The great rebellion of summer 1381, driven by the mysterious general Wat Tyler and the visionary northern preacher John Ball, was one of the most astonishing events of the later Middle Ages. A flash rising of England’s humblest men and women against their richest and most powerful countrymen, it was organised in its early stages with military precision and ended in chaos.

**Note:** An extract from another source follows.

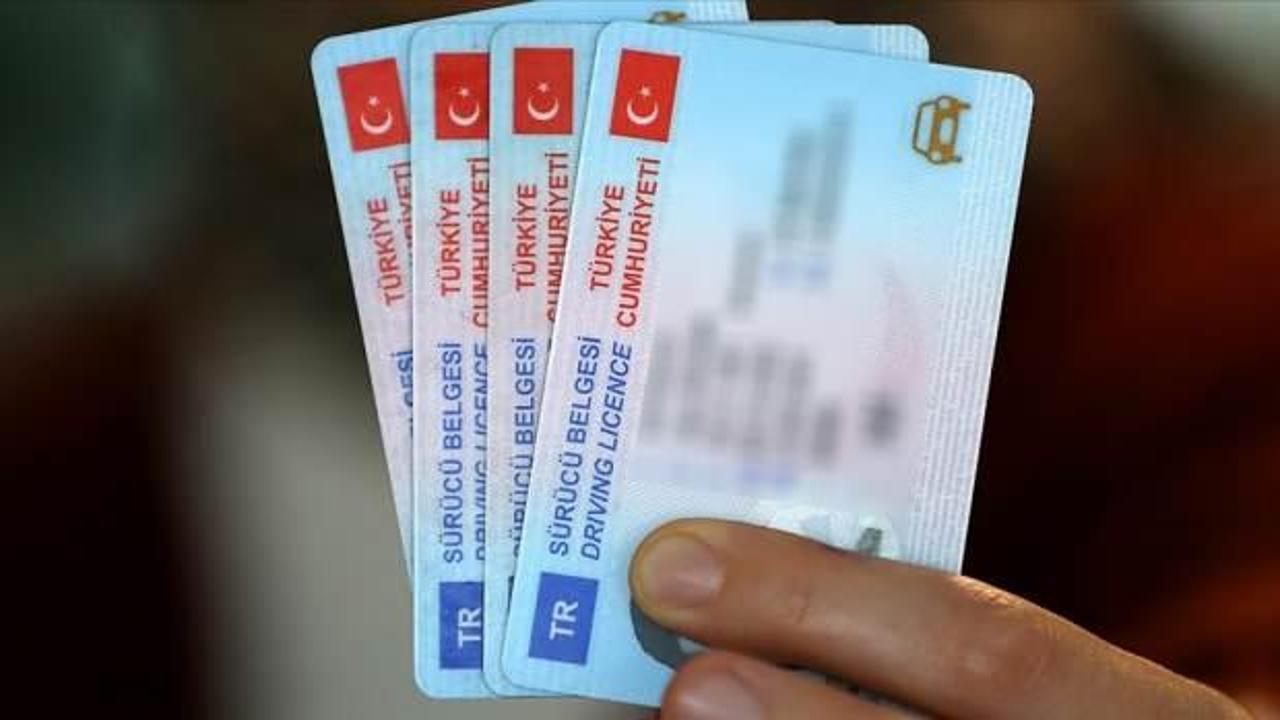 Ehliyet özellikli kimlik kartı sahibi sayısı 3 milyon 31 bin 930'a yükseldi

Between May and August rebellion swept through virtually the entire country. It was sparked by a series of three poll taxes, each more recklessly imposed than the last, and all played out against a background of oppressive labour laws that had been imposed to keep the rich rich and the poor poor. But more broadly the rebellion was aimed at what many ordinary people in England saw as a long and worsening period of corrupt, incompetent government and a grievous lack of social justice. Like most rebellions, it was the sum of many murky parts. There was a radical cabal at the centre proposing a total overhaul of the organisation of English government and lordship. Their zeal swept along thousands of honest but discontented working folk who agreed with the general sentiment that things, in general, ought to be better. And at the fringes there were many opportunistic plunderers, disgruntled score-settlers and the incorrigibly criminal, to whom any opportunity for violence and theft was welcome. 3
The rebellion’s focal point and moment of high drama came in London on the festival weekend of Thursday 13 to Sunday, 16 June. On that weekend a crowd of thousands, who had marched to London from the Kentish capital of Canterbury on a sort of anti-pilgrimage, joined with an excited mob drawn from the common people of the capital to demonstrate, riot and pass judgement on their rulers. They came within a whisker of taking down the entire royal government. London, which had been riven with faction and anti-government sentiment for nearly five years, collapsed into anarchy within hours of the rebels’ arrival on the south bank of the River Thames. Finding no shortage of allies within its walls, the rebels achieved in an astonishingly short time the total paralysis of government, the terrorisation of the most important men in the state and the destruction of the Savoy Palace and many other beautiful buildings. Public order dissolved, and was restored only at the highest cost to the Crown. And after a period of what amounted to military rule across London, the country remained at risk of terror from within for months, first fearing a repeat of the rebellion, and subsequently brutalised by a judicial counter-terror that lasted for most of the rest of the year. It would change the course of English history for ever.